A traumatic day engraved in memory

By Tom Ellett September 08, 2021

Tom Ellett

My family and I had just relocated from upstate NY three weeks earlier, and on the morning of 9/11 my wife was walking my son across Washington Square Park (and I was a football field away in my new office at New York University) as she had two planes fly directly over her head. The time was 8:45 a.m. A few minutes later, the world would never be the same again.

It was the first full week of classes and the day was gorgeous, deep blue skies, not a cloud in the sky. The temperature was perfect for a fall day except all hell would break loose for this typical Tuesday morning in September. It was the day after my parent’s anniversary and I had called them to hear about their decision to not go on that anniversary trip. A few minutes after the planes disappeared into the twin towers, my wife, having been aborted in delivering our son to his first day of classes, came back to our office – where she would end up staying – answering calls from frenzied NYU parents on the condition of their children.

The next hours/days were a blur, setting up an emergency phone bank since all cell towers were down/blocked because of call volume, misinformation about what really happened, and the billowing smoke from the towers, until they collapsed, which I witnessed less then two miles away from where I stood.
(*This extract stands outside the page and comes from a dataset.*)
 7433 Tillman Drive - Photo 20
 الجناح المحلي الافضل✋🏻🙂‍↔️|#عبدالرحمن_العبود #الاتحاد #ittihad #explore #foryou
Students were in hysterics, many of whom had arrived to the Greenwich Village campus of NYU just two weeks earlier. Our main focus was ensuring student safety as we had 2,400 students living one block from the Twin Towers. We focused on mental health support, as well as providing safe shelter, food and amenities. I worked for 7 days straight without showing emotion as I was the one who helped lead the response for students at the institution, securing hotel rooms for dislocated resident students, assuring them it was OK, and dealing with students who lost everything in their rooms (those close to the site) as the information that was published was that the air from the falling buildings was full of asbestos. I was numb… no feelings... just a myriad of tasks and things to do. Barely sleeping and lucky my wife was there for our two sons, handling all their needs and engaging in some support of the first responders.

We lived in Little Italy only a mile from the 9/11 site. The air was thick and choked you as the mask covered your mouth. I remember in particular one night walking from Washington Square to my home on Broome Street. It was surreal — 9 p.m., two kids playing soccer on Broadway, and I walked around the corner staring at the children… and then I saw another man walk towards me shaking his head looking at the children and the steady stream of smoke down from the Twin Towers. It was George Stephanopoulos from ABC news, finishing his long day as well. A moment shared without saying a word, knowing that life would be different.

It is hard for me to watch any documentaries and when I went to the 9/11 Memorial Museum I needed to leave… it remains too raw for me in understanding how others could cause so much death and destruction… Families torn apart … and engraved in all our memories… we will never forget.